Transcribe the records verbatim, images excluded.

───── RECORDS SHOWN ─────

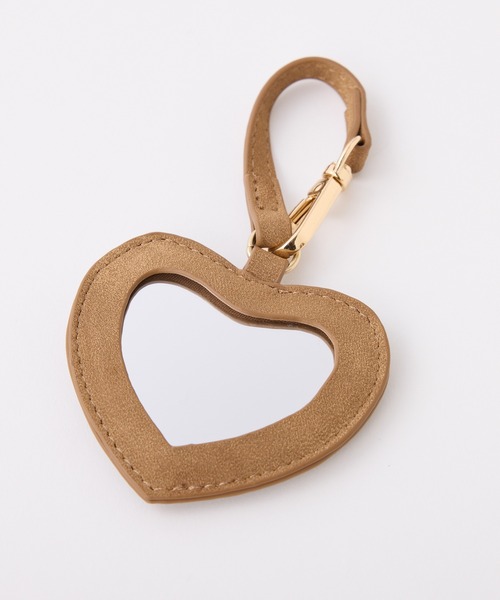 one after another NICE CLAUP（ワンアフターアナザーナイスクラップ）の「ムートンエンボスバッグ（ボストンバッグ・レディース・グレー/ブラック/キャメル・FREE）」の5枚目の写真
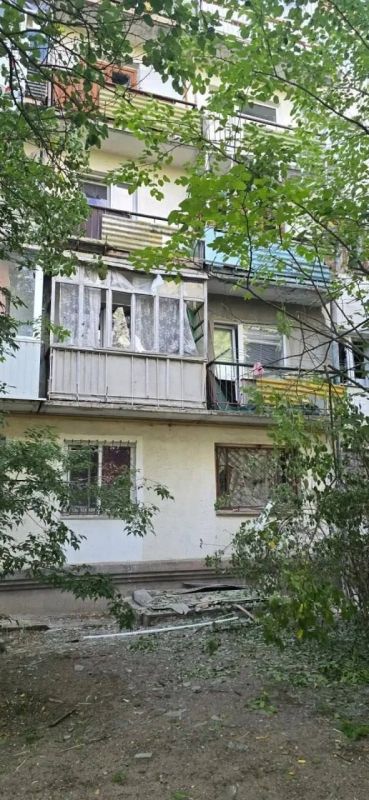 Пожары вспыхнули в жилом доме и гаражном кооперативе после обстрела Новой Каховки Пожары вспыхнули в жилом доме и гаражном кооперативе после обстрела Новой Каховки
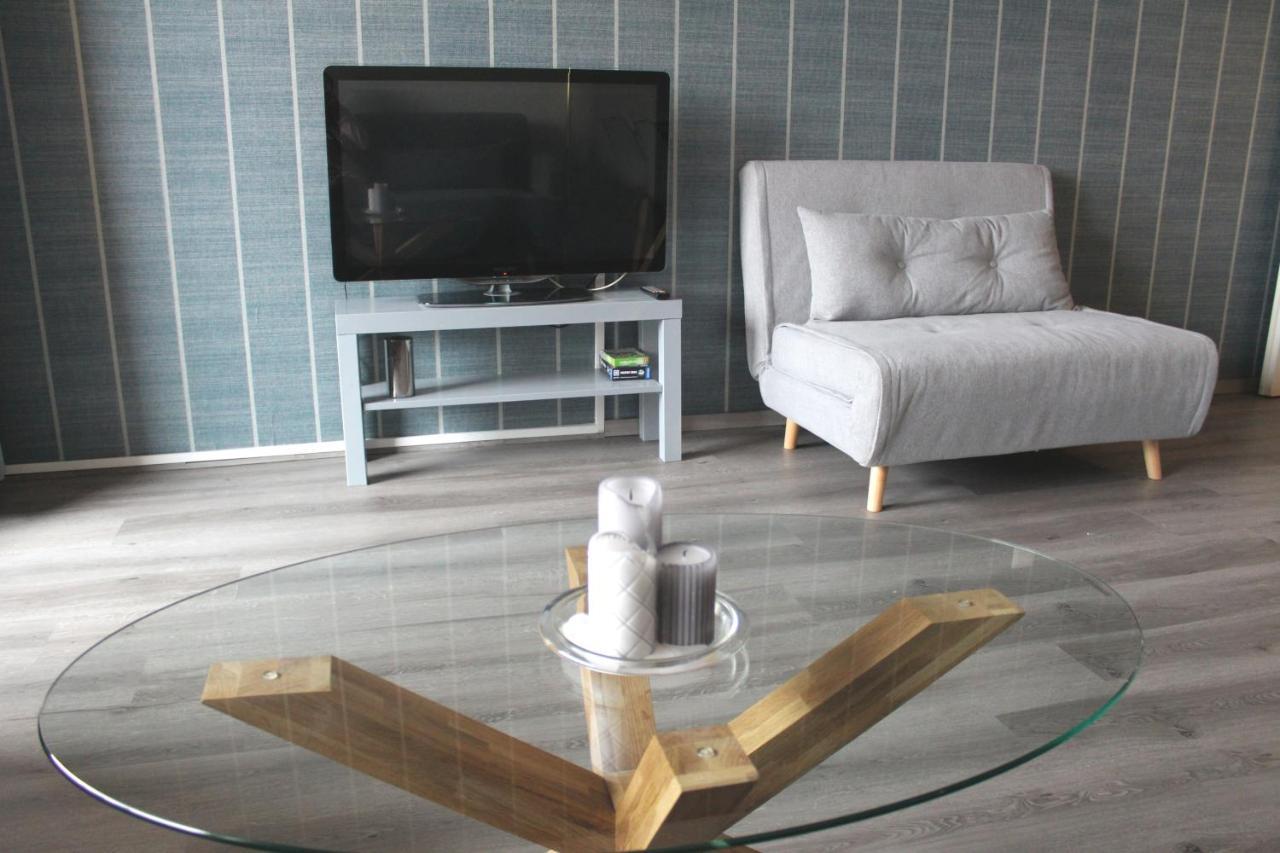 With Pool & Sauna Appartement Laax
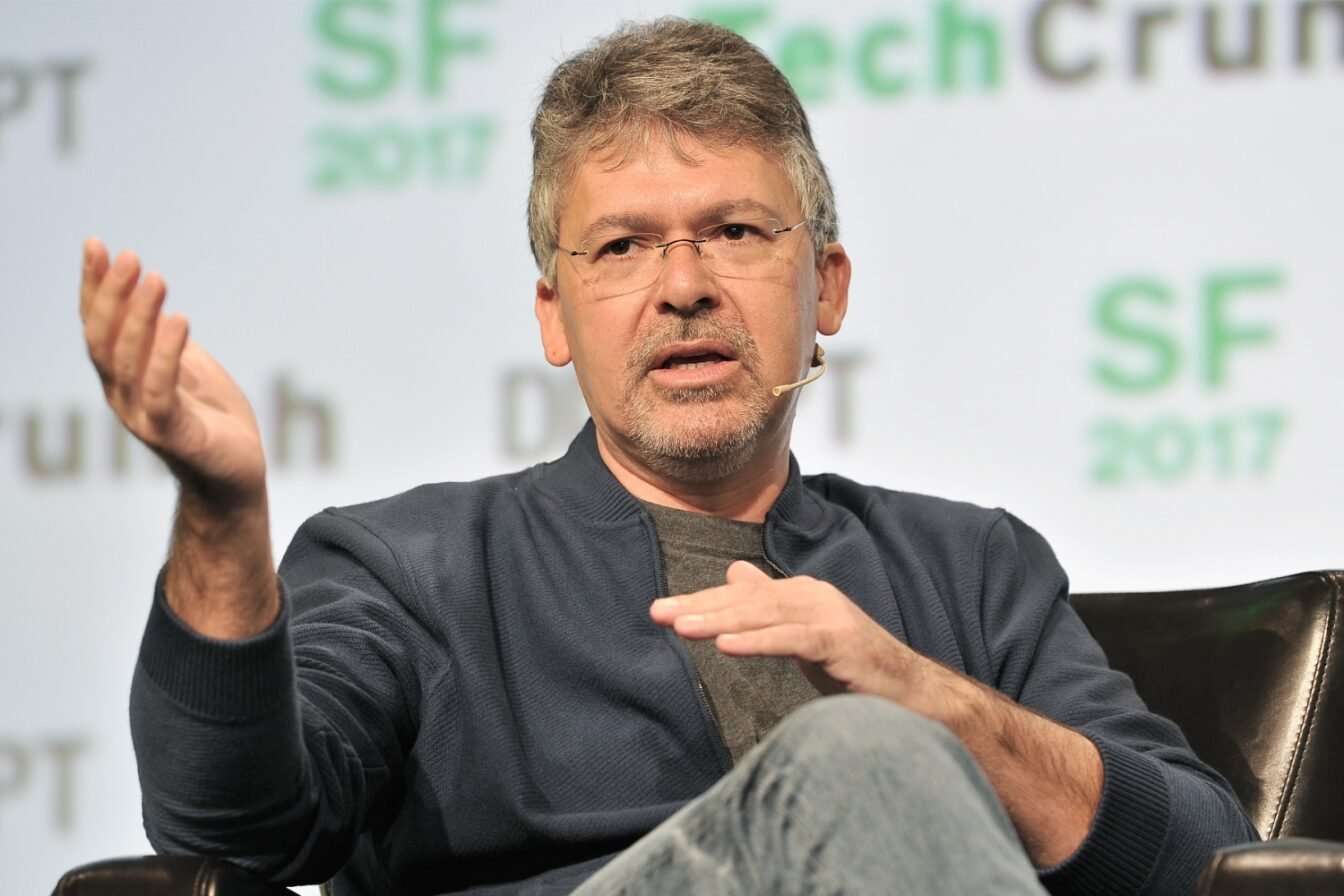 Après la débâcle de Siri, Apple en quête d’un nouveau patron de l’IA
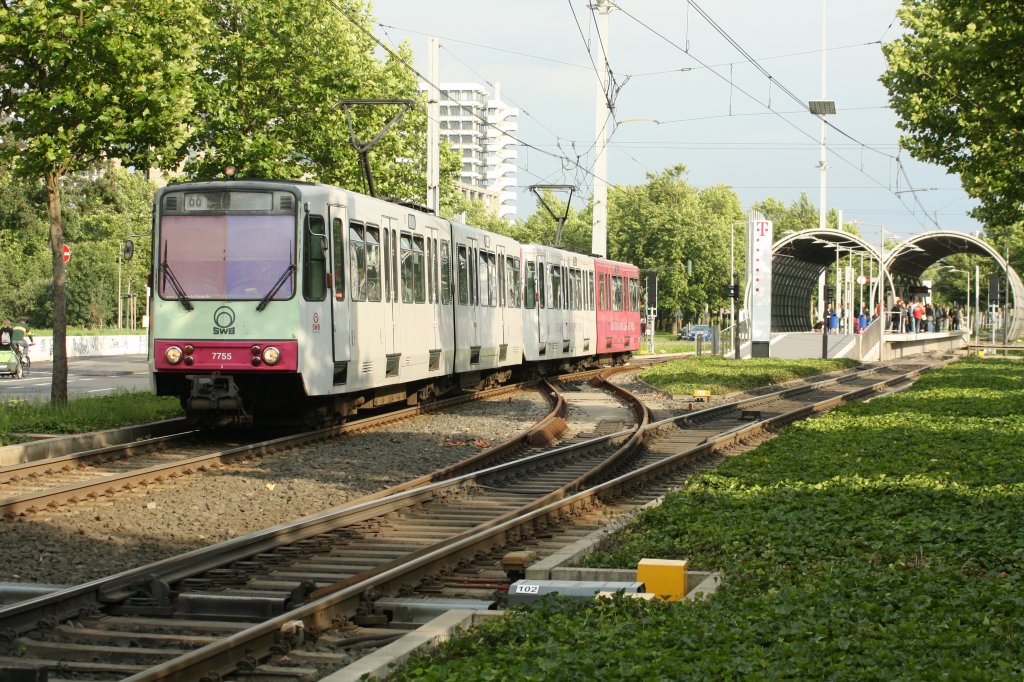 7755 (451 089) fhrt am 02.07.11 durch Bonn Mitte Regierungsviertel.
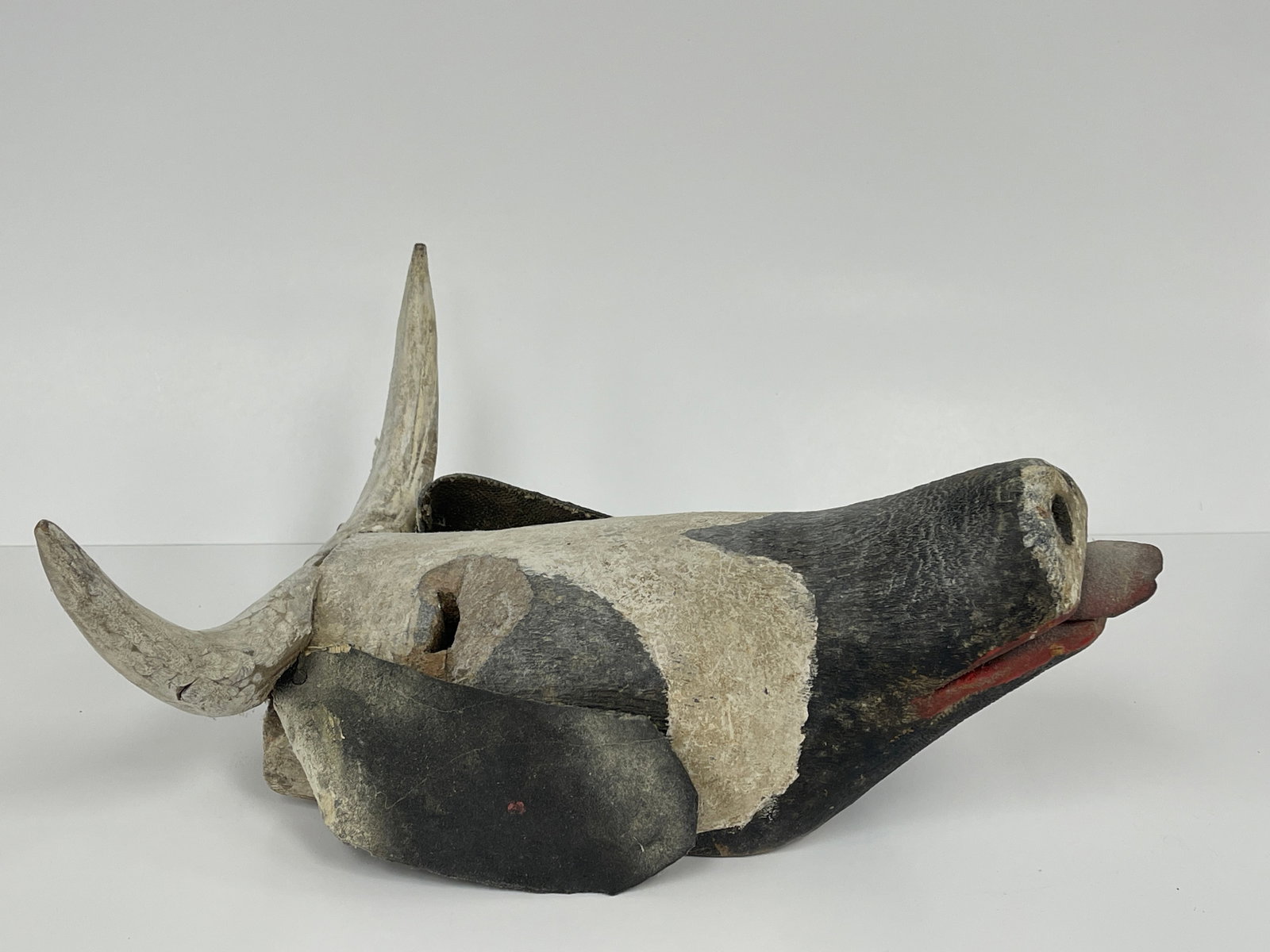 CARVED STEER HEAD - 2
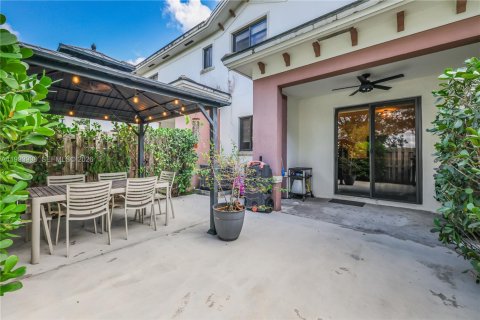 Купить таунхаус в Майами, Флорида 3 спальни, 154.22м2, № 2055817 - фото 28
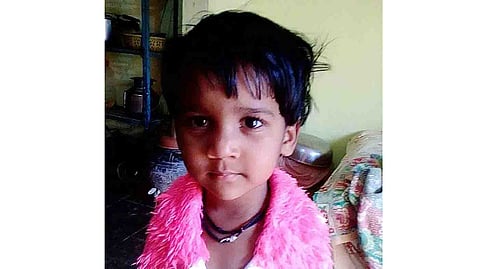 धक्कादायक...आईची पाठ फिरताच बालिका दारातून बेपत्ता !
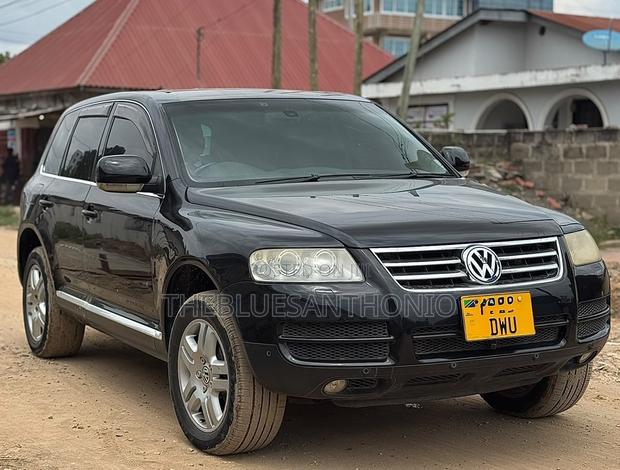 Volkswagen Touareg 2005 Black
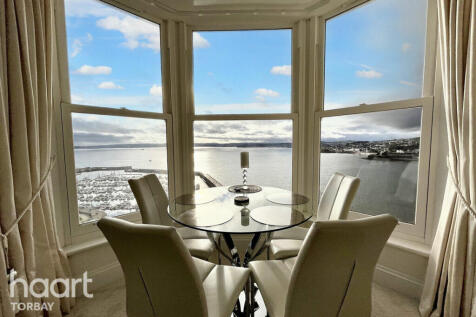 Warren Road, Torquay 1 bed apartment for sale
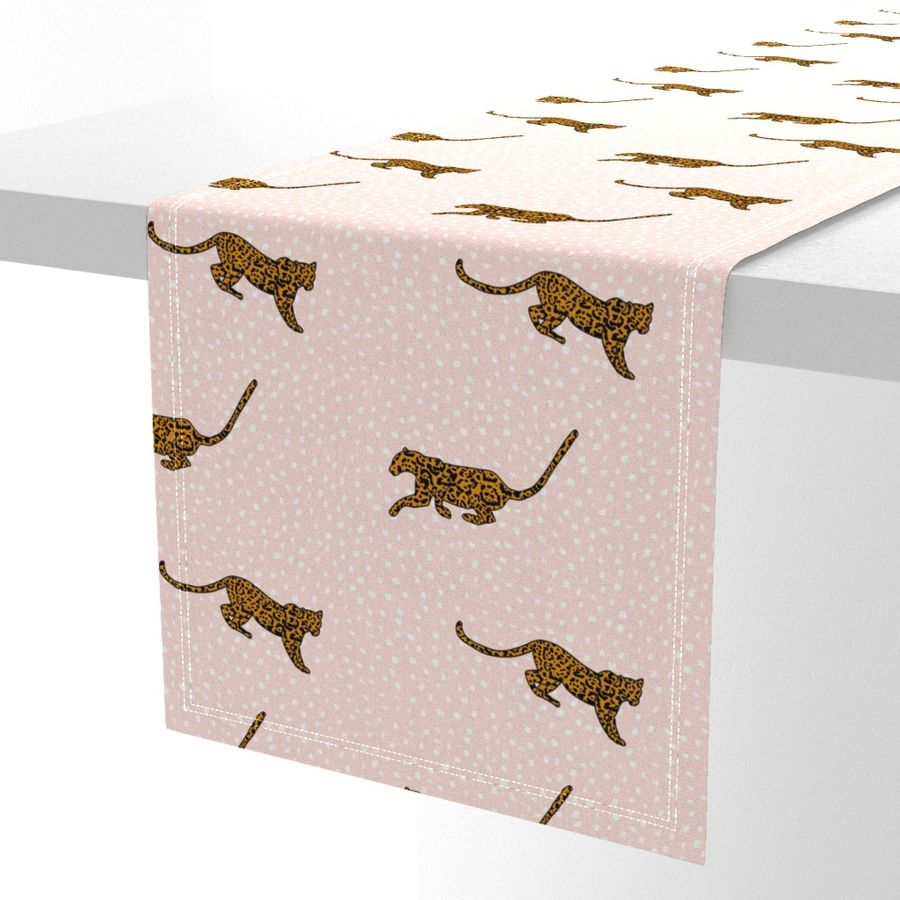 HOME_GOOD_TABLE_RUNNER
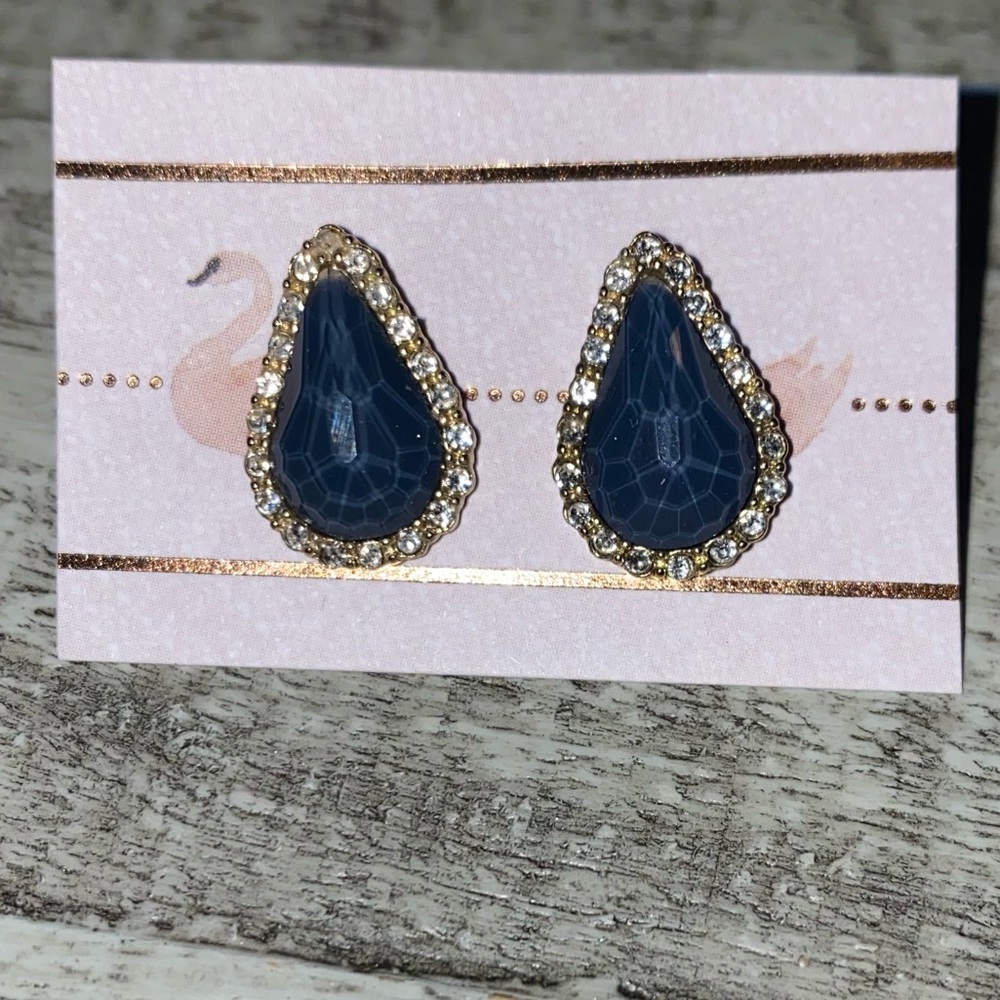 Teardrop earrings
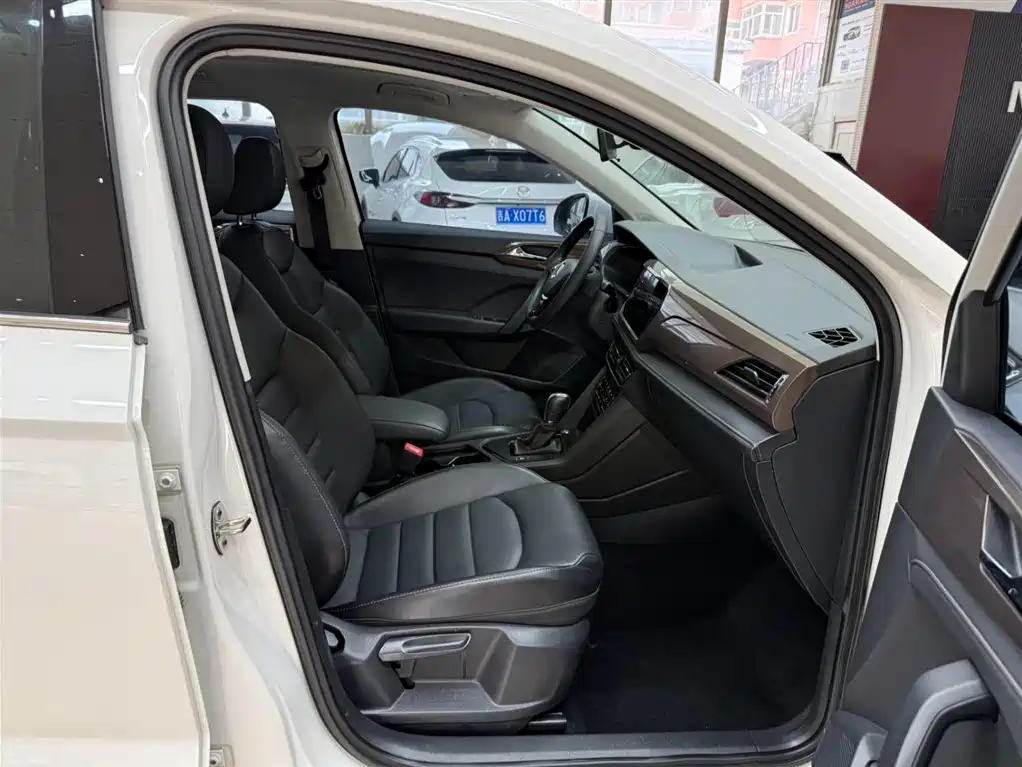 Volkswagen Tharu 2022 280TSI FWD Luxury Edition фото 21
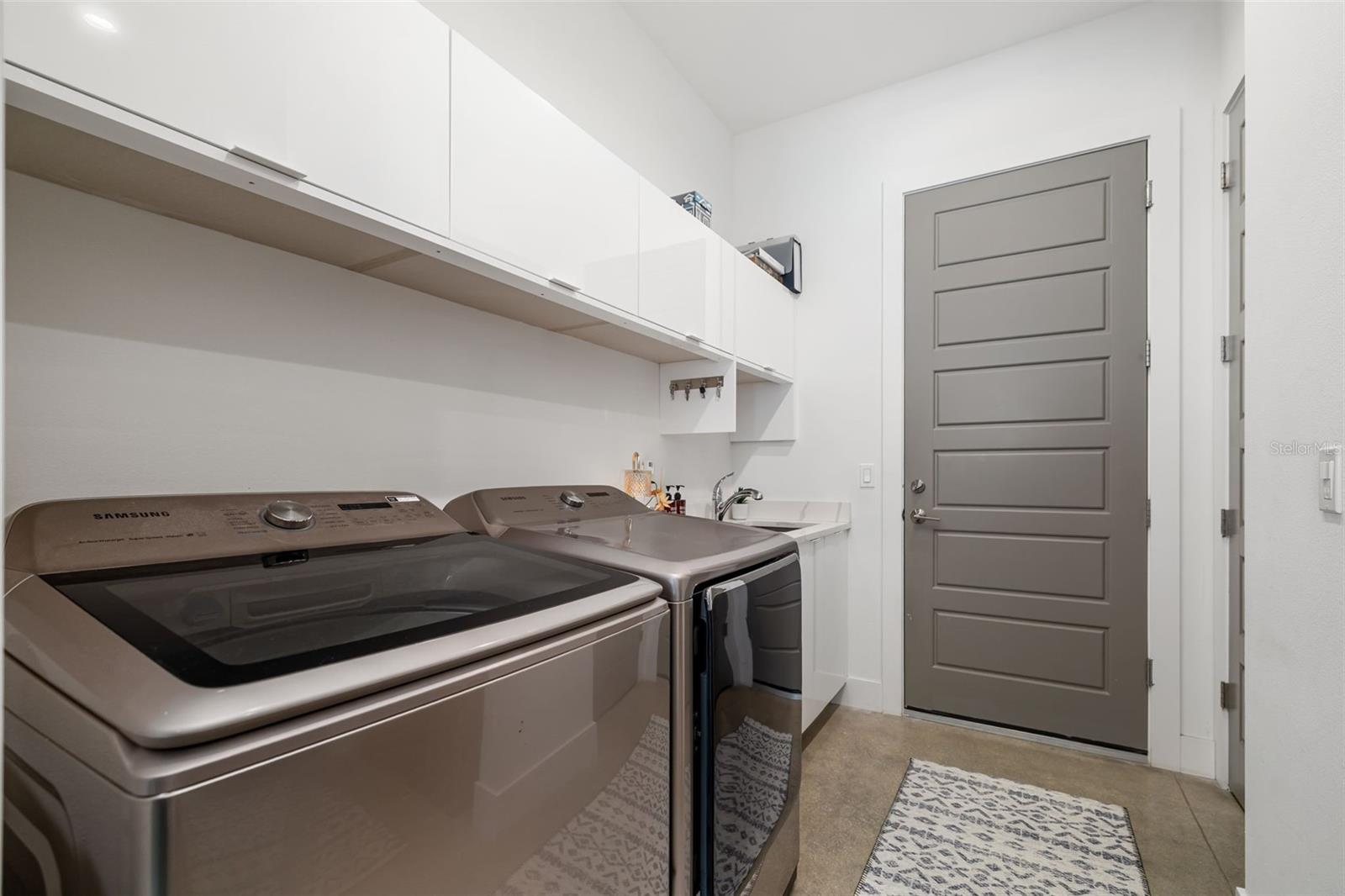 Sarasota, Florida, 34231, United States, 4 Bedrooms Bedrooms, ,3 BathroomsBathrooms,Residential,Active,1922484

─────

* _TASK OUTPUT_
 one after another NICE CLAUP（ワンアフターアナザーナイスクラップ）の「ムートンエンボスバッグ（ボストンバッグ・レディース・グレー/ブラック/キャメル・FREE）」の5枚目の写真
 Пожары вспыхнули в жилом доме и гаражном кооперативе после обстрела Новой Каховки Пожары вспыхнули в жилом доме и гаражном кооперативе после обстрела Новой Каховки
 With Pool & Sauna Appartement Laax
 Après la débâcle de Siri, Apple en quête d’un nouveau patron de l’IA
 7755 (451 089) fhrt am 02.07.11 durch Bonn Mitte Regierungsviertel.
 CARVED STEER HEAD - 2
 Купить таунхаус в Майами, Флорида 3 спальни, 154.22м2, № 2055817 - фото 28
 धक्कादायक...आईची पाठ फिरताच बालिका दारातून बेपत्ता !
 Volkswagen Touareg 2005 Black
 Warren Road, Torquay 1 bed apartment for sale
 HOME_GOOD_TABLE_RUNNER
 Teardrop earrings
 Volkswagen Tharu 2022 280TSI FWD Luxury Edition фото 21
 Sarasota, Florida, 34231, United States, 4 Bedrooms Bedrooms, ,3 BathroomsBathrooms,Residential,Active,1922484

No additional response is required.